He thinks he can control you and have you at his neck and call whenever he wants you. And unfortunately this is true at the moment. By placating him and also having sex with him and obeying him whenever he threatens you, you are allowing him to behave however he wants. It's not your fault he's a horrible bastard, but if you don't want to live like this (& it sounds horrible!), then you need to change the way you engage with him. Put it this way, you can't change him by anythjng you do or say, and by giving in to him and giving him all the power in this situation, you are letting him decide how he treats you, which is clearly not at all nicely.

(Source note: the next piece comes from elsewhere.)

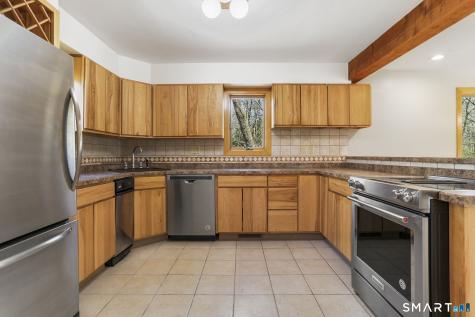 68 Tawney Drive Bethany CT 06524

You need to take back the power from him and start controlling what you are prepared to accept and what you aren't. Easier to say than do when your used to the relationship dynamic being him holding all the cards, and you constantly being controlled and directed by him, but if you want things to change, you need to change the way you are reacting to him.
The law is on your side, and it's there to stop people being able to treat others like he's treating you. But if you don't use the law, and the police, to defend yourself, you are letting him get away with it, and he has you trapped into his world.
Take some of the practical advice on here, and start getting his behaviour logged, otherwise your misguided loyalty, or fear of making a fuss/ drama will end up working against you. And then the drama will escalate - you're not controlling it by minimising it, or by giving in, you're feeding it unfortuneately.
Good luck. And by the way, I'm not sure how his behaviour could legally get you sacked? It might damage your reputation if you don't distance yourself asap (by taking measures to let your work know what's happening and that the police know and have advised you to do X). If you come across as enmeshed and encouraging him then I can see how your work might think it's your behaviour at fault, if they think you're loving the drama or you've not done everything in your power to break away from him. It all gets a bit blurry and verging on victim blaming, but if you value your job there are ways of dealing with it so it's clear that he is the problem, not you.
When I was with my abusive husband, and utterly miserable, ground down and trapped, I got a horrible shock one day when I was sharing a bit of my pain, when a colleague who I thought was my friend said 'oh but you thrive on the drama though don't you, I couldn't live like you because I want a stable life'. It was like a slap in the face. But it's true I guess, from the outside it looked like i accepted and probably encouraged him. Because I was carrying on engaging with him and dancing to his tune. And I couldn't tell people about the emotional, physical, financial and sexual abuse, as I was barely surviving by minimising and placating and excusing him. It took a while longer to get away from him, but my life is so much better now. Yours will be too.